Please repeat the entries word for word and keep the images out.
::: Records provided :::
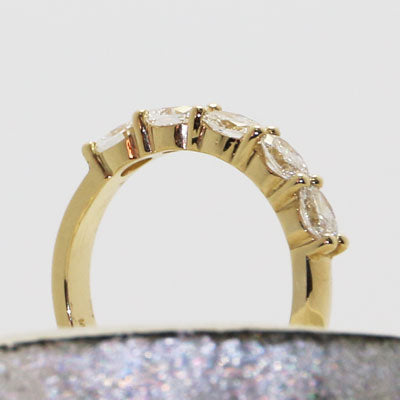 5 Oval Diamonds Wedding Band in 14k Yellow Gold W90008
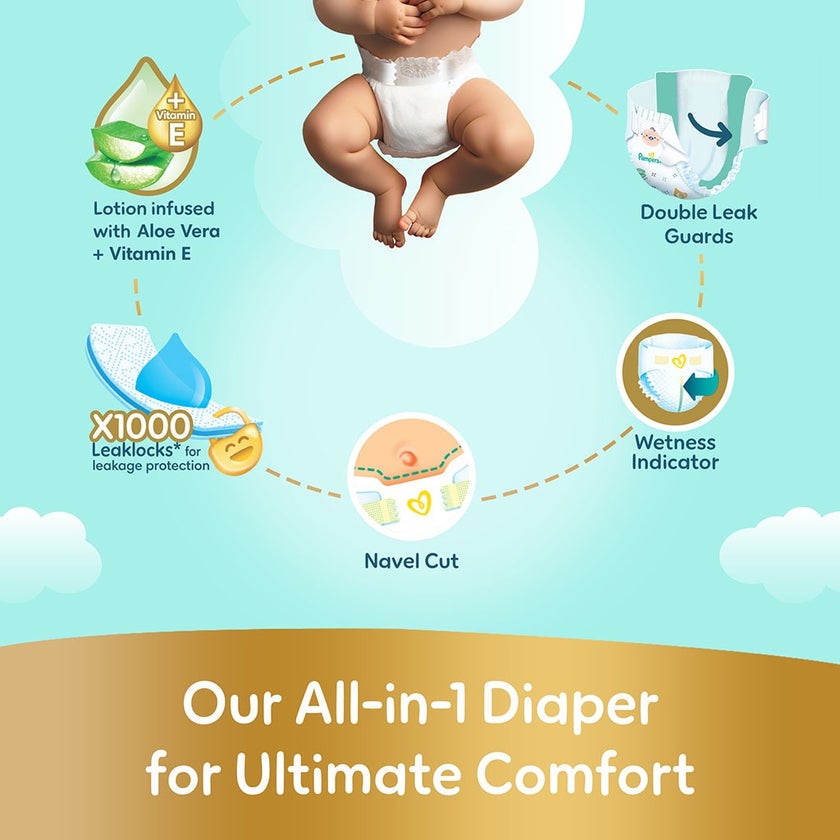 Pampers Ultimate Comfort Size 2, 3-8kg Newborn Diapers, Pack of 168's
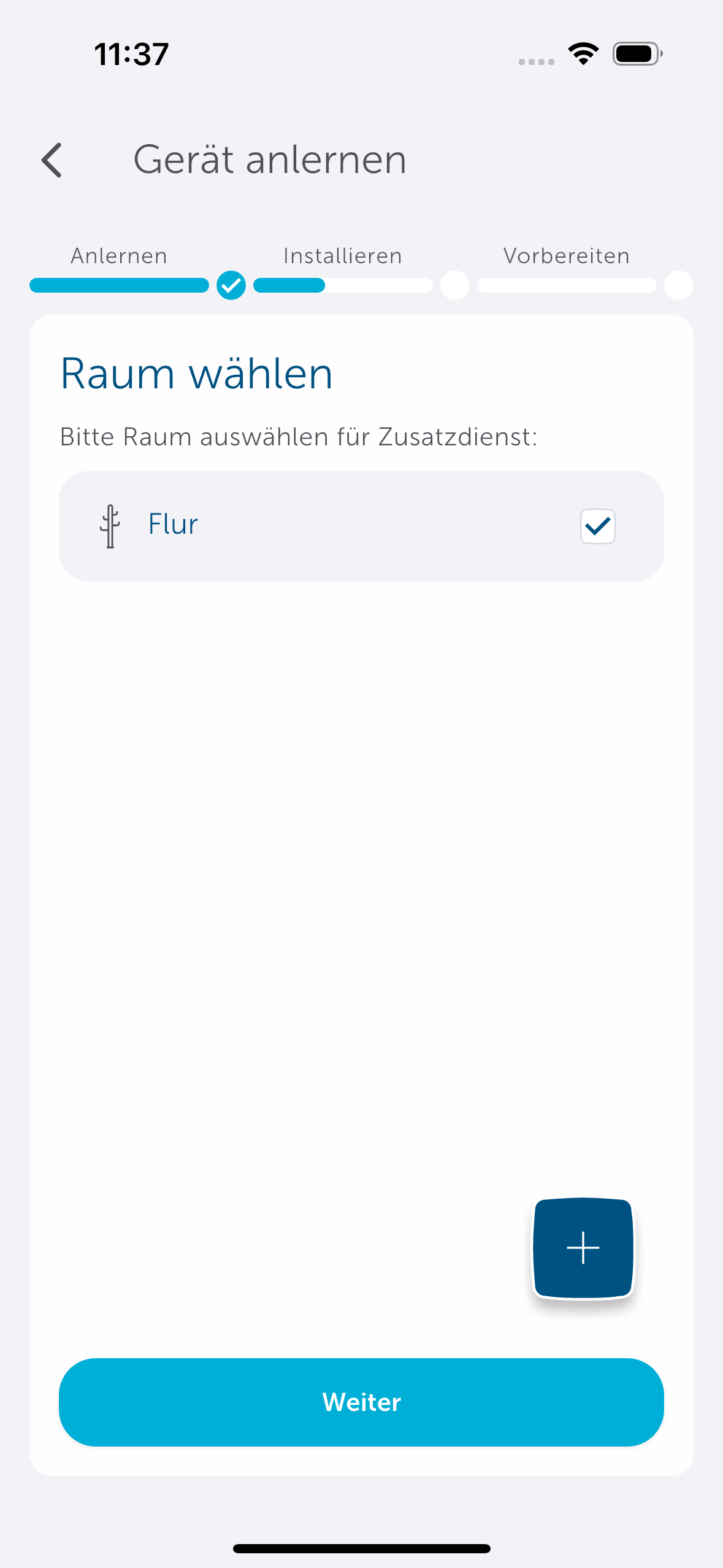 Bild 8: Wählen Sie das Gerät aus und ordnen Sie es einem Raum zu – z. B. „Flur“.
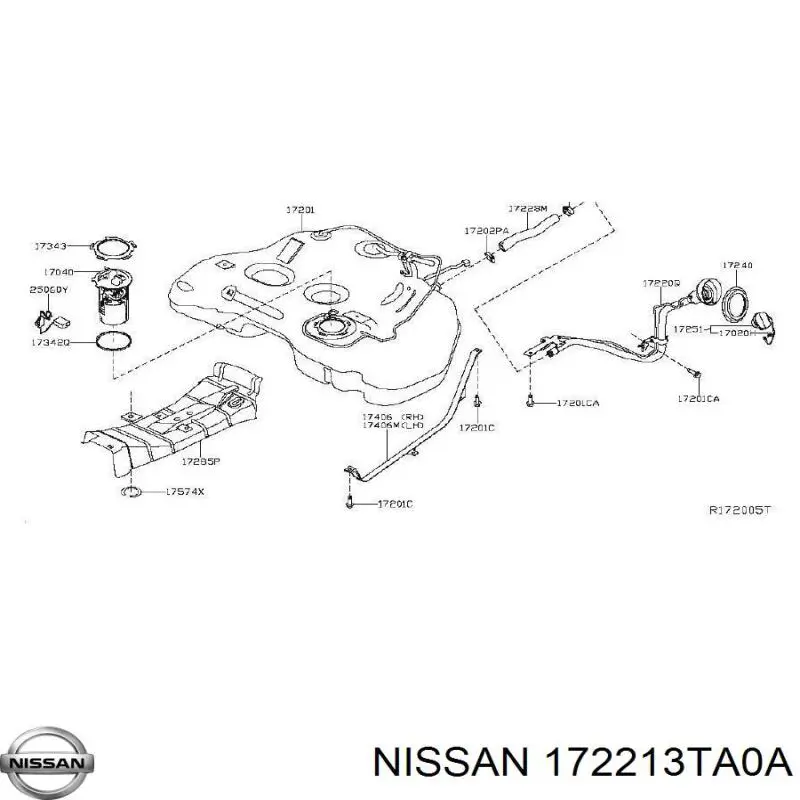 172213TA0A Nissan/Infiniti Заливная горловина топливного бака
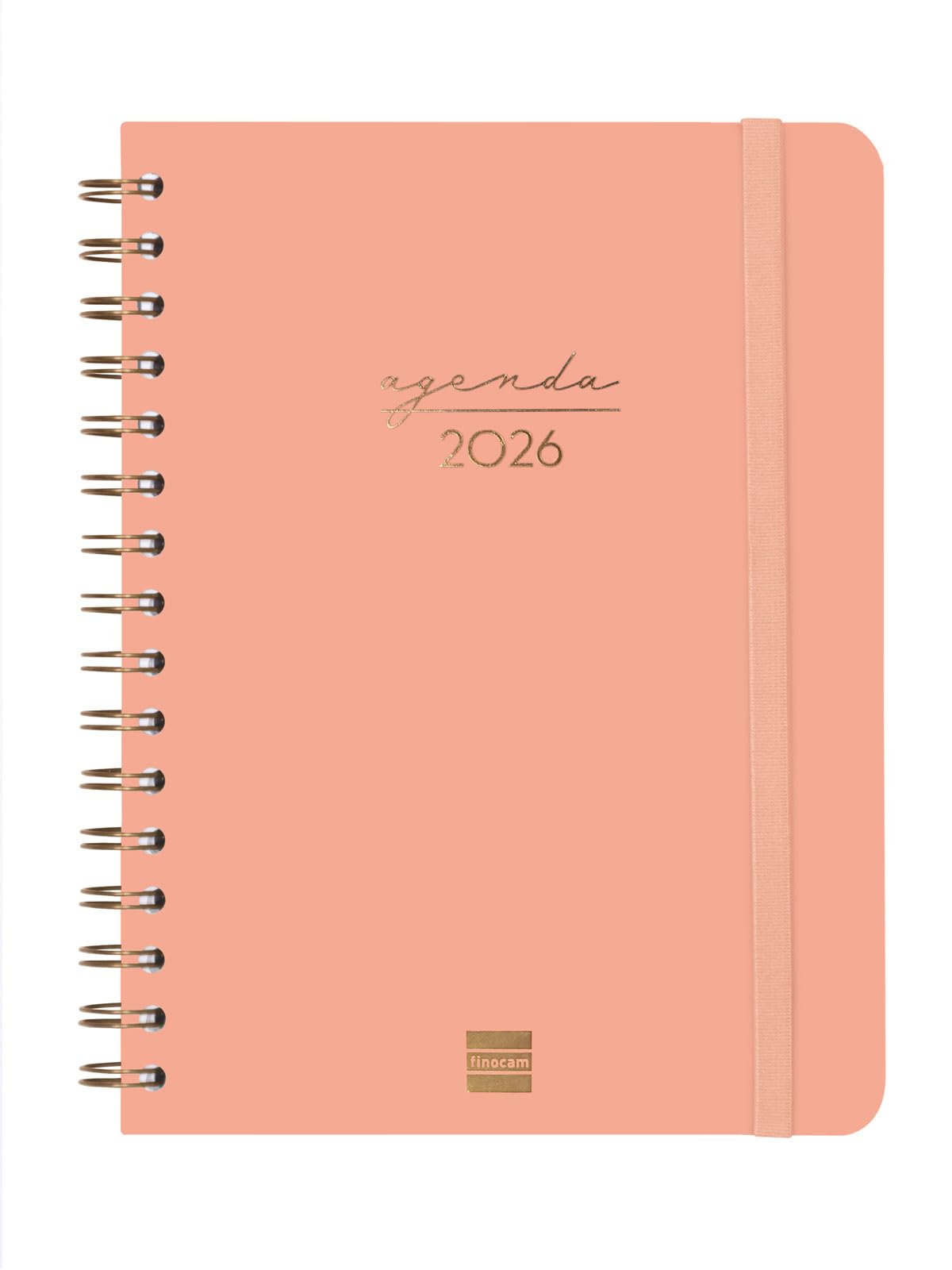 Finocam - Spiral Agenda 2026 Week to View Horizontal | January - December (12 months) | 2026 Yearly Planner with Rubber | Spiral Double Hardcover - Coral - English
:::
Reply to the exercise:
 5 Oval Diamonds Wedding Band in 14k Yellow Gold W90008
 Pampers Ultimate Comfort Size 2, 3-8kg Newborn Diapers, Pack of 168's
 Bild 8: Wählen Sie das Gerät aus und ordnen Sie es einem Raum zu – z. B. „Flur“.
 172213TA0A Nissan/Infiniti Заливная горловина топливного бака
 Finocam - Spiral Agenda 2026 Week to View Horizontal | January - December (12 months) | 2026 Yearly Planner with Rubber | Spiral Double Hardcover - Coral - English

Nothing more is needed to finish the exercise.